The Friends Of Distinction were an interesting act, and this, their first LP release, is a great find in a used record shop. The late sixties-early seventies were an oft-overlooked, highly fertile time for soul music. Motown was struggling to remain relevant in a flower-power world (and doing a fine job, at least in retrospect), Philly soul sounds were being birthed, and soul-pop still could find room on the radio dial.

The four vocalists of the group were Floyd Butler, Harry Elston, Jessica Cleaves, and Barbara Love, so it is hard not to draw the Fifth Dimension comparisons, and this record holds up just fine compared to that fabled group.

The record opens with the classic Grazing In The Grass, which takes the Hugh Masekela trumpet song to new heights with a snappy lyric and a faster, Stone Soul Picnic feel. It's an amazing single, and garnered them their greatest chart success. 1970's Love Or Let Me Be Lonely was as close as they ever got again to that level on the charts. I've Never Found A Girl is a smooth soul tune with the pop-soul sound of the Fifth Dimension. I Really Hope You Do has a soul-jazz mellow vibe. Sweet Young Thing Like You has a Motown feel, like a Smokey Robinson or Temptations song, and a good one. Side one ends on Going In Circles, the second single, a top twenty performer, which brings a smooth Al Green-style understated vocal on the verses mixed with big Temptations harmonies on the chorus. The song builds slowly until it develops into a huge soul treat.

Side two holds up pretty darn well, too. The cover of Eli's Coming is a little too fast, but the big production number is a showcase for some fine female vocal gymnastics.
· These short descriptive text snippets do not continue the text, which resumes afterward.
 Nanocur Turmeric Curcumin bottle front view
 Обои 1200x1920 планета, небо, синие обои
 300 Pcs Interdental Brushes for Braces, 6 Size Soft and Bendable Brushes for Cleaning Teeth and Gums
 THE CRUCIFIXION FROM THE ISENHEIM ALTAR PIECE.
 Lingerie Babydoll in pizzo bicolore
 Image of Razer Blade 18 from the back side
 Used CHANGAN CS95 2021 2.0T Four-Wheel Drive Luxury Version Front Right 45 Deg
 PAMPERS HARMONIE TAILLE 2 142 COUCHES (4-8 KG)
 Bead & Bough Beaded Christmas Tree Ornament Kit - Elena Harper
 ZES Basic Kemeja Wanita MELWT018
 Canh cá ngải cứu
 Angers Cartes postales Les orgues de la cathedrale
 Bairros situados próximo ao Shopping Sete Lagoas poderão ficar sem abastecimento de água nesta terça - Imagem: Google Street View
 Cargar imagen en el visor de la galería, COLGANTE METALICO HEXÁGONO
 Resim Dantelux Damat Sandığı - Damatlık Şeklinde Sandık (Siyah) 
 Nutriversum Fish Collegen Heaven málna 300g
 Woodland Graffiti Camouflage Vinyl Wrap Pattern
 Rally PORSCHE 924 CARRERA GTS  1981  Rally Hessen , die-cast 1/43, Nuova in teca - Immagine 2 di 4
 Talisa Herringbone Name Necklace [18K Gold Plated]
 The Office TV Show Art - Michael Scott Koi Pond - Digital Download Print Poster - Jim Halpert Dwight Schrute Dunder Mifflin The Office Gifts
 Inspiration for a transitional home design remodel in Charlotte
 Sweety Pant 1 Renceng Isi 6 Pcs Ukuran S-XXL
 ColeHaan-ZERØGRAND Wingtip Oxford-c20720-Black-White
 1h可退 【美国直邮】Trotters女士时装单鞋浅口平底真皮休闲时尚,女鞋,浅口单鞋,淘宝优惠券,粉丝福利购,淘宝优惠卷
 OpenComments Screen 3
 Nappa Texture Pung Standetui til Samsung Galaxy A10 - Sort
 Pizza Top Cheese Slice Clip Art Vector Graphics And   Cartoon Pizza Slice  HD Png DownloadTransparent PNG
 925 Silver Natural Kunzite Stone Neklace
Help Yourself sounds like the Fifth Dimension again, with too many tempo changes, but a tricky vocal arrangement that saves it. A cover of the Lennon-McCartney And I Love Him features a female lead that sounds like Marilyn McCoo and includes a Philly soul sound and a different approach to this oft-covered tune- and it works. Lonesome Mood is a Cole Porter tune that the group performs with a big band arrangement and a jazz vocal style reminiscent of Manhattan Transfer (on their good days). It's jazzy and special. Only Baby I Could Be So Good At Loving You (Broadway anyone?) and Peaceful (smooth pop hippy vibe) disappoint.

I haven't heard their other records, except for the 1973 Greatest Hits, and it is killer. The group hung on until 1975, but no singles or albums charted after 1971. I love the soul that was being made in the early seventies, and much of it sneaked by unnoticed the first time. The vinyl isn't expensive used, but it is a value purchase.